3. Think double. When you’re cooking, try to make double recipes of anything that you might be able to use later in the week. This could be meatballs for sandwiches, a double portion of rice, or a double pan of lasagna or stuffed shells. Also be sure to avoid food waste by saving and using leftovers in future recipes.

4. Don't frown on frozen. Parents frequently feel guilty about using frozen vegetables, but they shouldn't. Not only are frozen veggies quick and easy, but they can actually be nutritionally superior to fresh because they're flash-frozen within hours of picking, which locks in nutrients, whereas fresh produce may lose nutrients in transit and while sitting on store shelves. Buying frozen is also a great way to save money on organic produce.

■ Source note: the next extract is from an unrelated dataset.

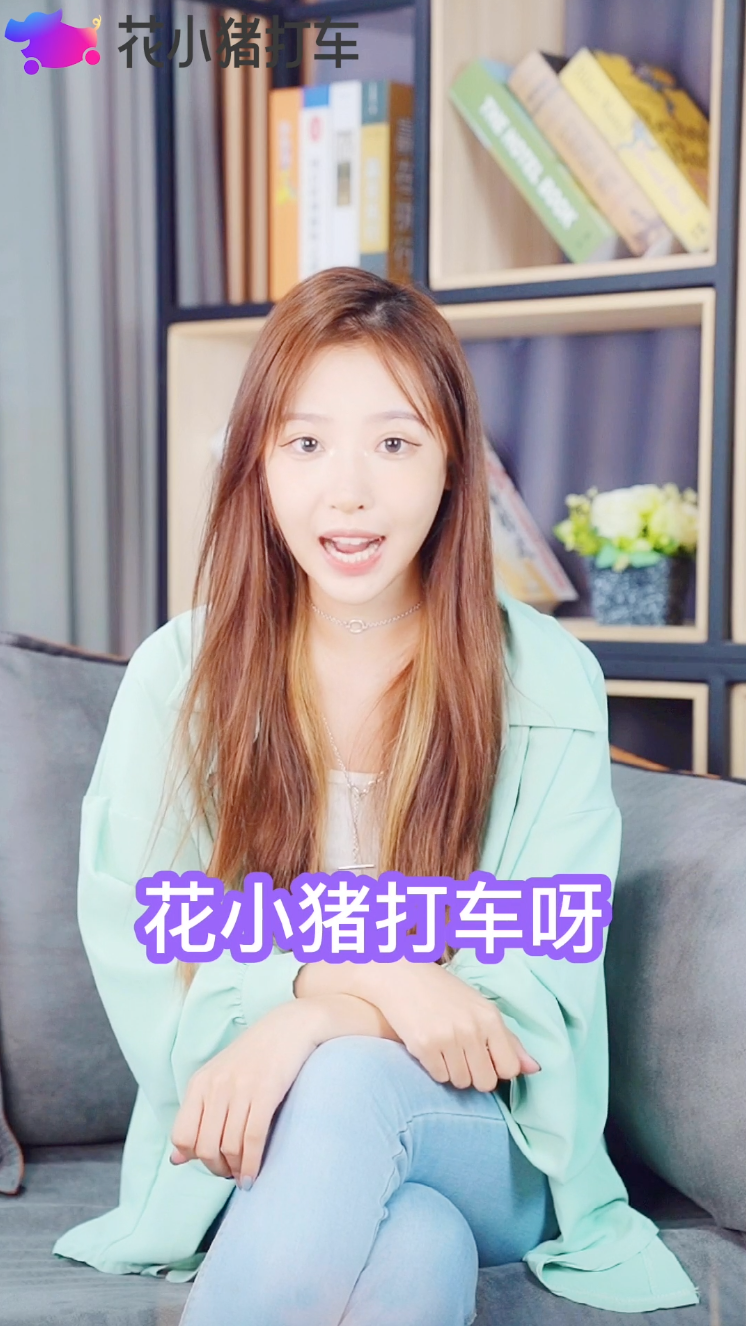 花小猪口播930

5. Don't go it alone. Parents may not realize it, but they have their own force of little helpers right at their fingertips. Fifteen minutes before dinner, invite everyone into the kitchen to help get dinner on the table. One child can set the table, another can pour drinks, an older child can help serve — freeing you up to take care of the cooking. And you can find recipes that kids can make with your help.

6. Embrace imperfection. Parents often think that a family dinner needs to be this perfect homemade meal with all the food groups. The truth is just by sitting down and eating with your children the benefits you reap are huge — don't fret the details.